Robust expert load analysis: The expert load distribution after allocation shows a Spearman correlation of 0.93~0.99 with the original model and JS divergence <0.014, indicating it does not disrupt expert specialization and is friendly to distributed deployments.

Limitations & Future Work¶

Hardware awareness (expert placement, communication overhead) was not considered; gains in distributed MoE deployments might vary.
Alloc-L requires \(L\cdot K_{\text{orig}}\) offline PPL runs. The profiling cost for 100B+ models is non-negligible; proxy models could be used for sensitivity estimation.
The framework is entirely post-hoc. Integrating "activation budget awareness" into training losses could further improve robustness.
Only three tasks and model types were evaluated. Scenarios with different activation patterns, such as long-context or code, were not covered.
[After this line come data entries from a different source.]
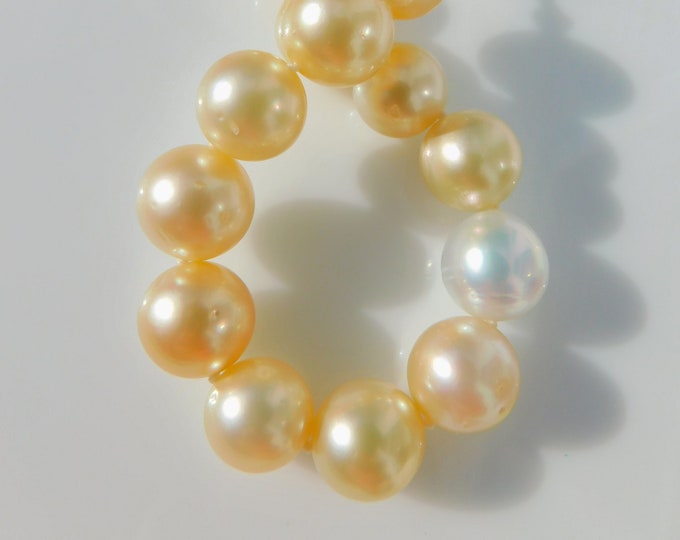 Cream South Sea Pearl Bracelet | Light Gold | 11-12mm | 6.5-6.75 inches Wrist Size | AAA | Round | Pastel | Sterling Silver Clasp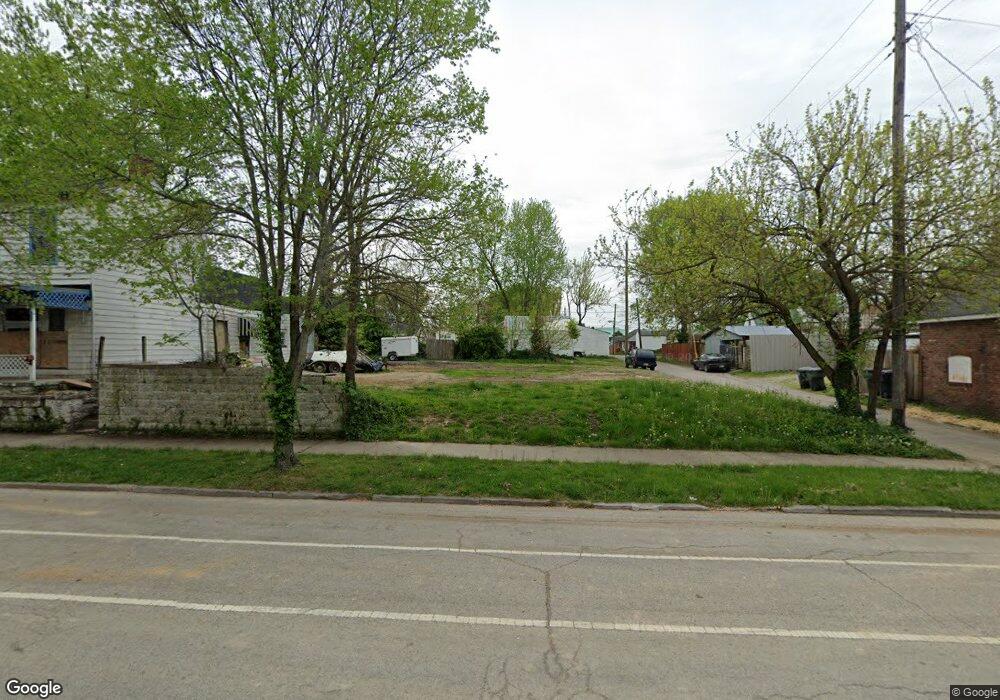 709 W Spring St, New Albany, IN 47150 - photo 1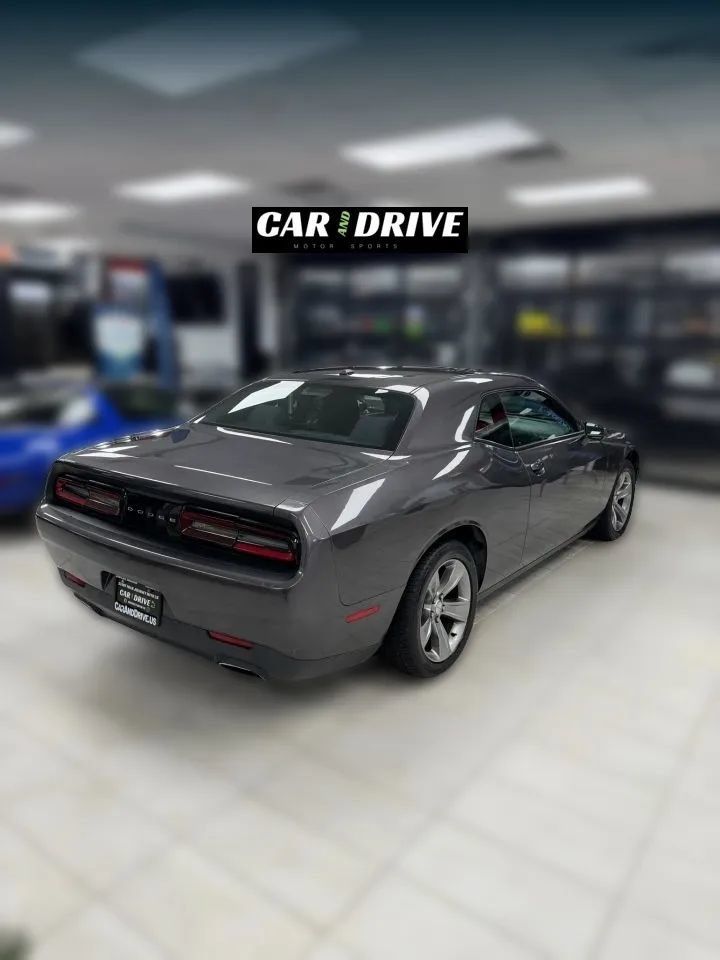 Used 2016 Dodge Challenger SXT RWD image 4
vs. XMoE / Dynamic-MoE: These use token-level dynamic routing, but XMoE requires training-time calibration, and Dynamic-MoE adds entropy regularization to the training objective. Alloc-T is entirely post-hoc with zero extra parameters.
vs. NAEE: NAEE is limited to skipping the second expert in Top-2 routing and is difficult to extend; Alloc-T is a generalized top-selection.
vs. LExI: LExI uses layer-level heuristics without DP optimality; Alloc-L provides the global optimum under budget constraints.
vs. MoE Pruning/Quantization: This work is orthogonal to and can be combined with pruning or quantization for further acceleration.

Rating¶

Novelty: ⭐⭐⭐⭐ Unified abstraction of "activation budget" + isolated sensitivity profiling is a fresh combination, though DP and global top-K are standard methods.
Experimental Thoroughness: ⭐⭐⭐⭐ Three models, four budgets, 20 datasets, includes ablation, \(K_{\text{base}}\) sweeps, and load analysis; lacks tests on ultra-large models.
Writing Quality: ⭐⭐⭐⭐ Equations and algorithms are clear. Figures 3-8 are highly informative. Terms Alloc-L/Alloc-T are intuitive.
Value: ⭐⭐⭐⭐ Pure post-processing, zero training, and directly deployable to MoE frameworks like vLLM. 1.34× decode speedup at half-budget is highly attractive for production.